Having a built-in post-game vote: the game is bound to end for whatever reason, someone could have quit, then no sub was found, then the game was scrapped. Or host was unstable the game was scrapped. GG WP. This would be important in order to identify good stable hosts, potential laggers, good and friendly players and ban/label - toxic/racist/sexist people and quitters. It is okay if balancing is done by the community via modes, votes and so on. And I think it is important that devs part-take in it, by collecting win-rate statistics for different culture builds and openly publishing it: Say if Culture 1 -> Culture 2 -> ... ->Culture 6 is too strong, it would be nice to cross reference, identify and rebalance a specific culprit culture(s). No one likes many bans as this practice takes away from the game experience.
I guess these were my 2 bits on the organizational aspects of Humankind Multiplayer, assuming the devs decide to go with the route b) (majority of the points made are still very viable for the route a)); and trust me those should not be neglected, as otherwise we are bound to have vanilla civ6 experiences.
Let's Talk Gameplay:
Duration and Pace, Implementation and Trade-offs) As I mentioned earlier, if one session lasts longer than 8h, it is problematic. If save and resume are too far apart in time it is problematic. When I say problematic. I mean for the public competitive lobbies; in private lobbies whatever people agree on doing works best.

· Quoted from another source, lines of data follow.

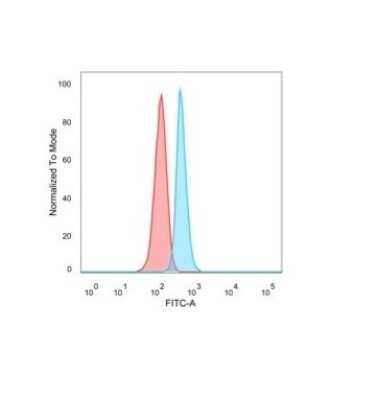 Flow Cytometry: NOC4L Antibody (PCRP-NOC4L-1E3) - Azide and BSA Free [NBP3-08308] - Flow Cytometric Analysis of PFA-fixed HeLa cells. NOC4L Mouse Monoclonal Antibody (PCRP-NOC4L-1E3) followed by goat anti- Mouse IgG-CF488 (blue); unstained cells (red).
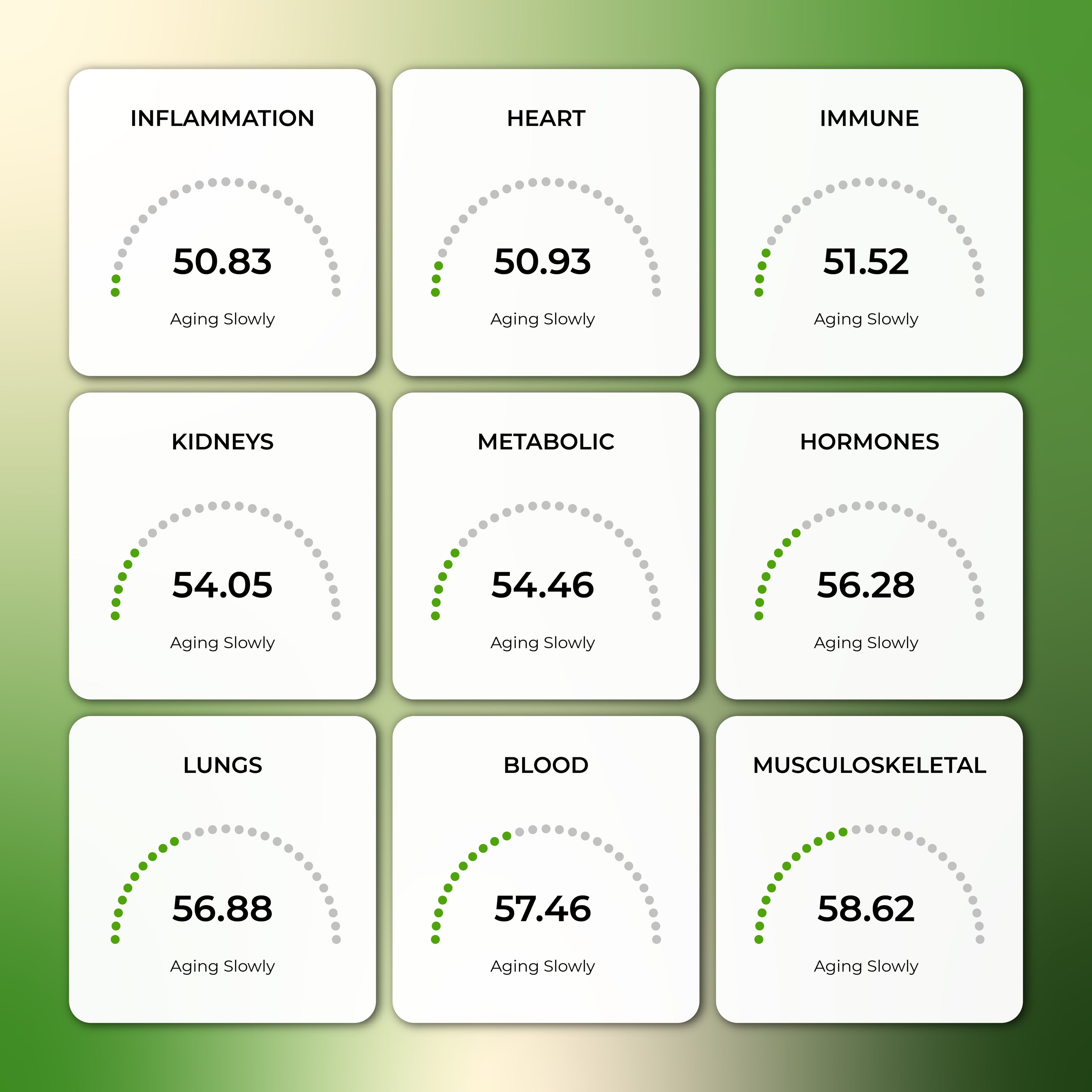 MapmyEpiGenome - The Ultimate Collection for Health, Ageing &amp; Longevity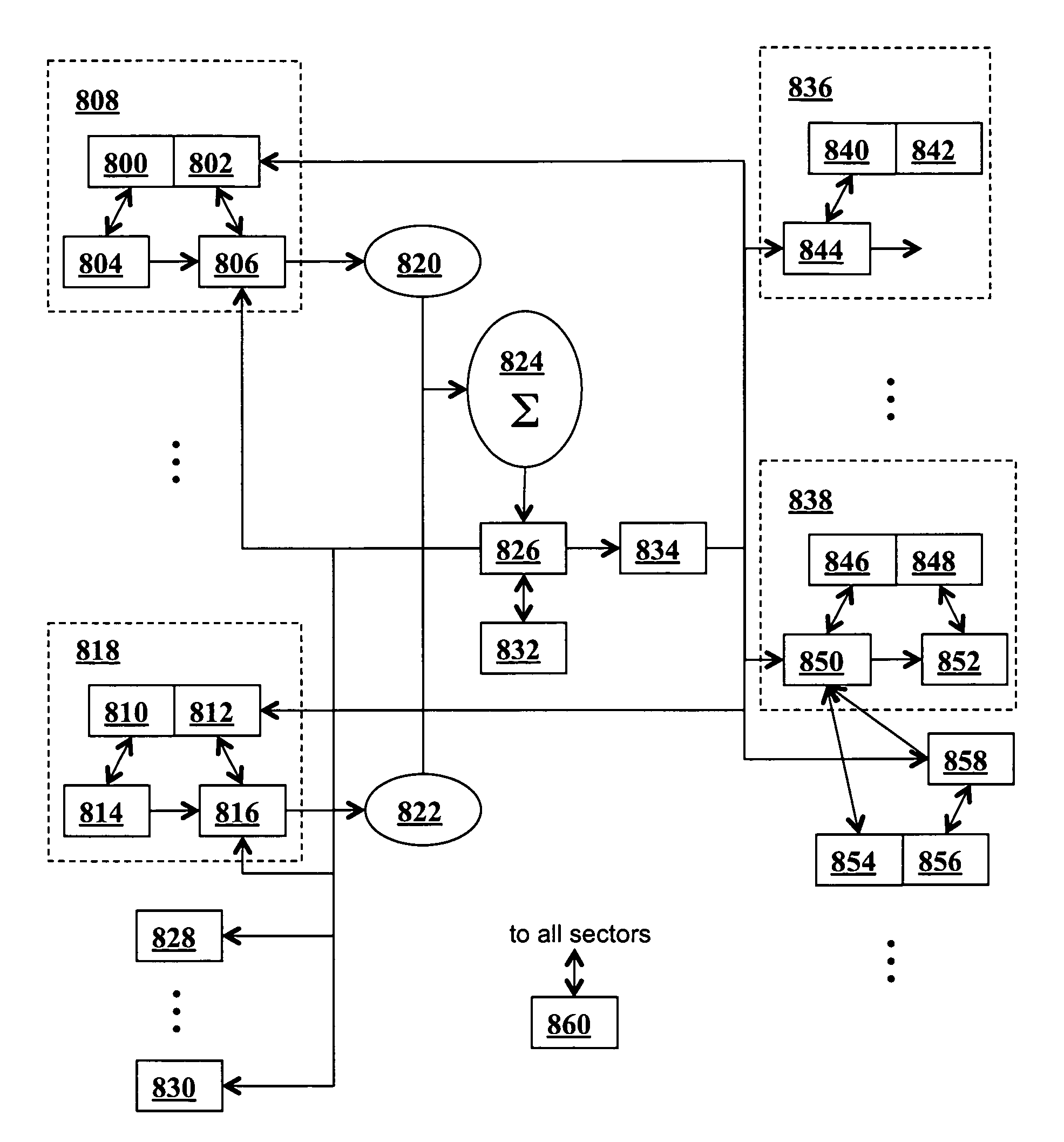 Method for efficiently simulating the information processing in cells and tissues of the nervous system with a temporal series compressed encoding neural network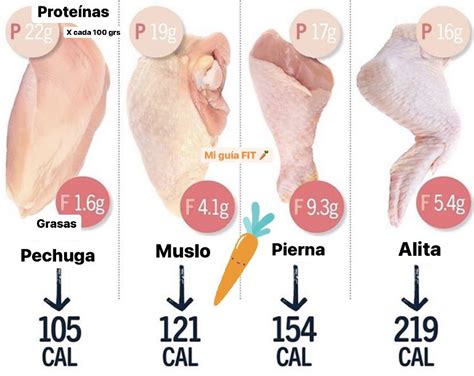 Destello Armada Mansión calorias de las proteinas por gramo combustible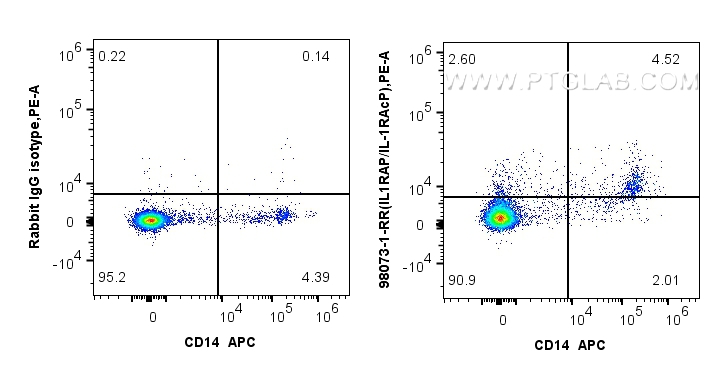 Flow cytometry (FC) experiment of human PBMCs using Anti-Human IL-1RAP Rabbit Recombinant Antibody (98073-1-RR)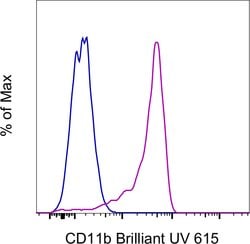 Invitrogen CD11b Monoclonal Antibody (ICRF44), Brilliant Ultra Violet 615,
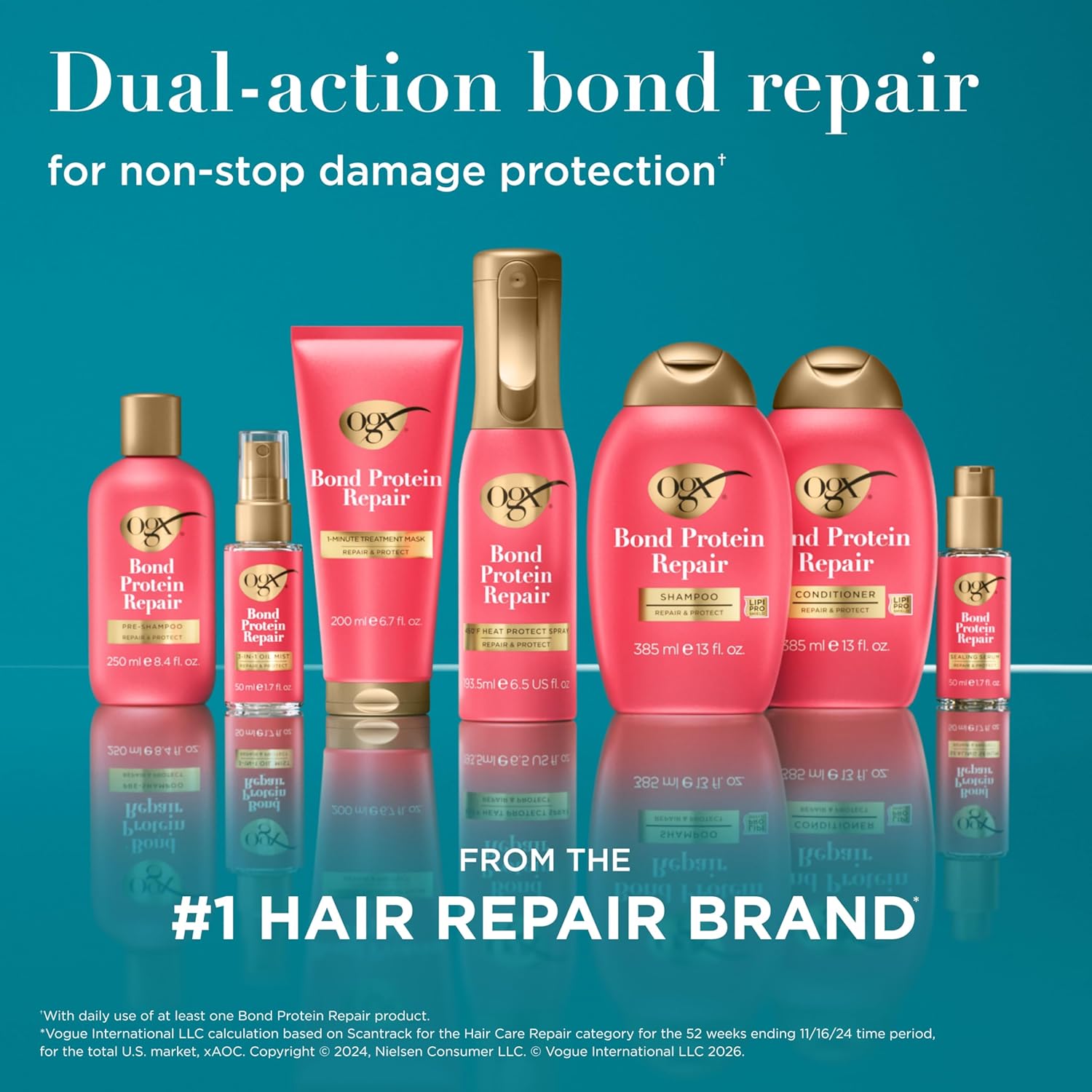 OGX Repair & Protect Bond Protein Repair 1-Minute Treatment Mask, Deep Conditioning Hair Mask Rapidly Repairs for Shiny, Smooth Hair That Lasts Between Washes, 6.7 fl. oz - Image 7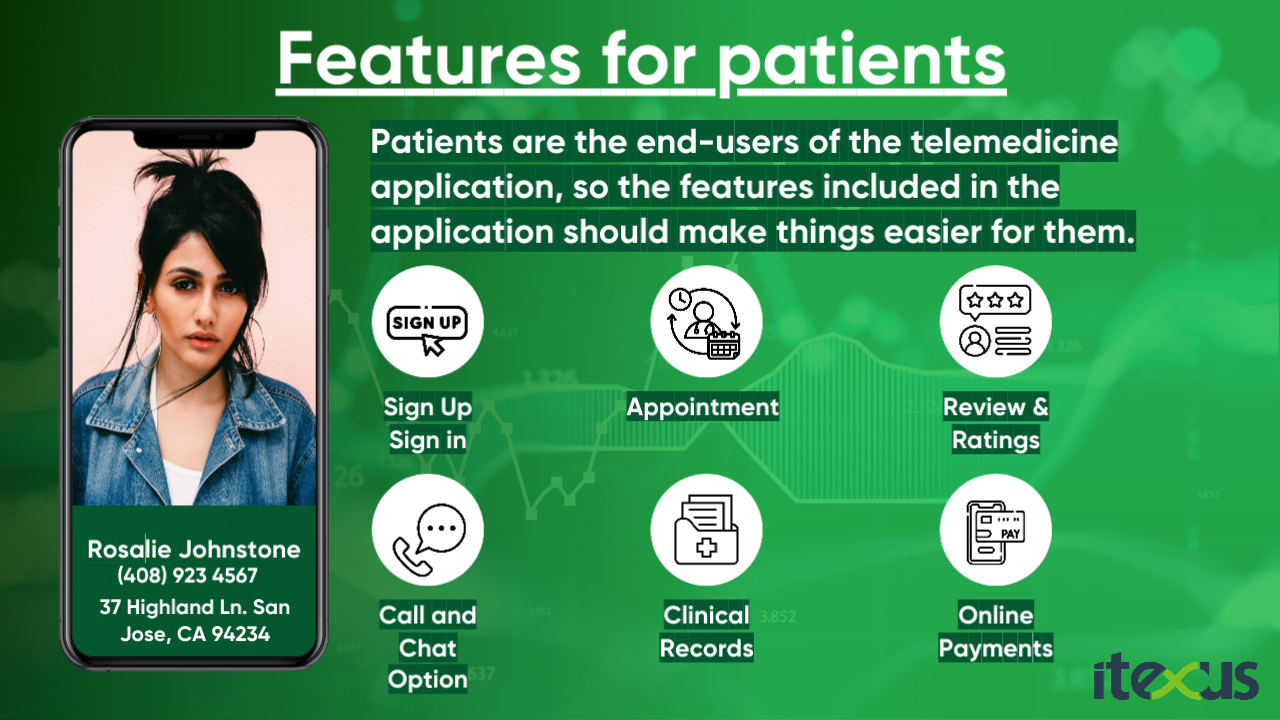 The infographic presents features for patients of telemedicine app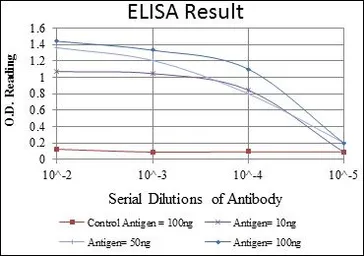 Anti-CD66e antibody [3G12] used in ELISA (ELISA). GTX60388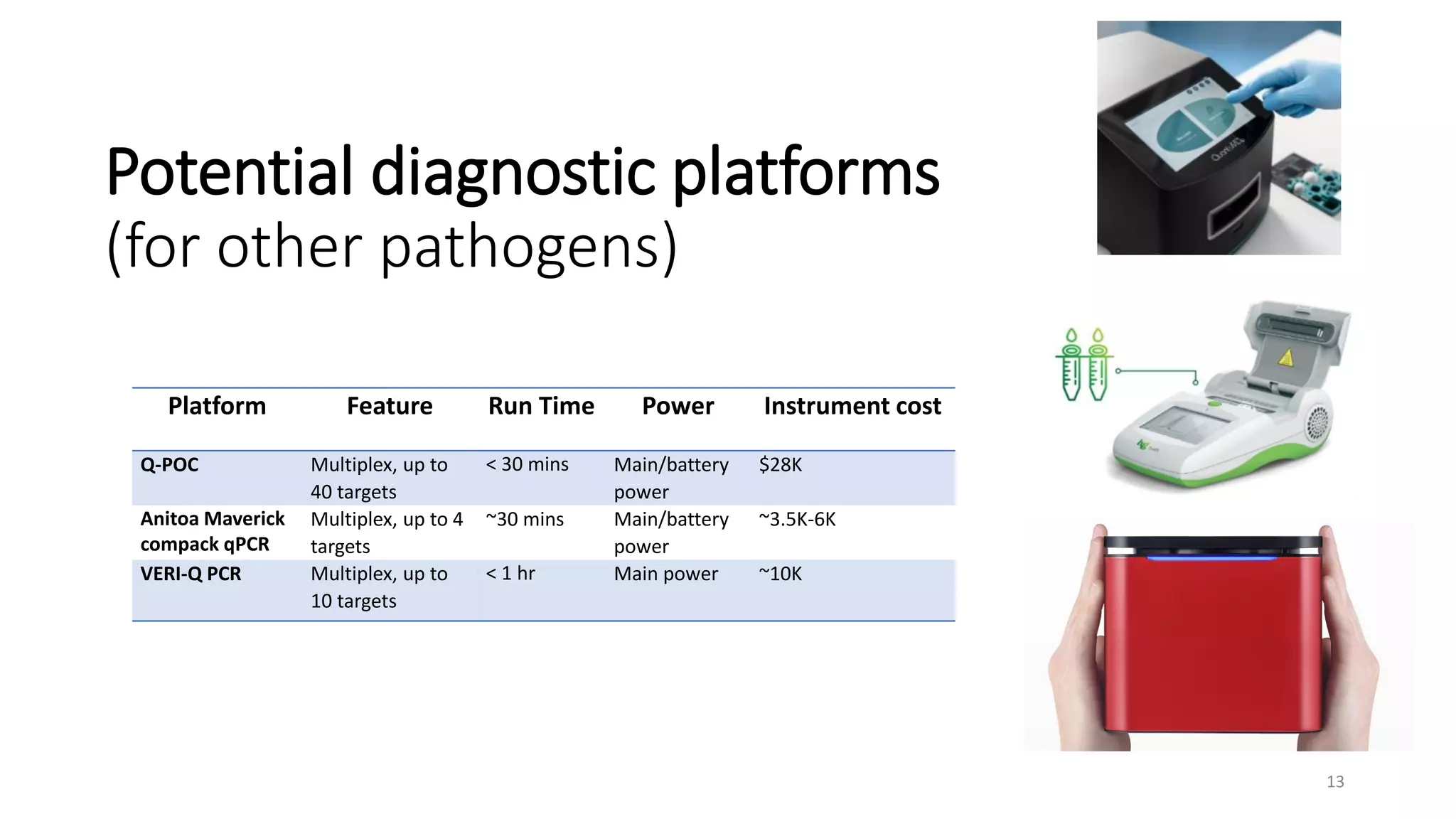 Potential diagnostic platforms
(for other pathogens)
13
Platform Feature Run Time Power Instrument cost
Q-POC Multiplex, up to
40 targets
< 30 mins Main/battery
power
$28K
Anitoa Maverick
compack qPCR
Multiplex, up to 4
targets
~30 mins Main/battery
power
~3.5K-6K
VERI-Q PCR Multiplex, up to
10 targets
< 1 hr Main power ~10K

However one of the things humankind does extremely well is the narrative faster pace might mean the sacrifice of the feeling of immersion, or butchering the gameplay-driven storytelling mechanics (if you have to make a million choices each turn, you don't feel the gravity of each one of them and are likely to autopilot). From what I have seen this far at the current pacing of the beta, if everyone auto-resolves every battle and rushes through the eras, one can reach the middle of industrial era in around 6 hours (not even the win conditions). This means that the total duration of 8h per session, assuming people are playing manual battles, cannot be achieved.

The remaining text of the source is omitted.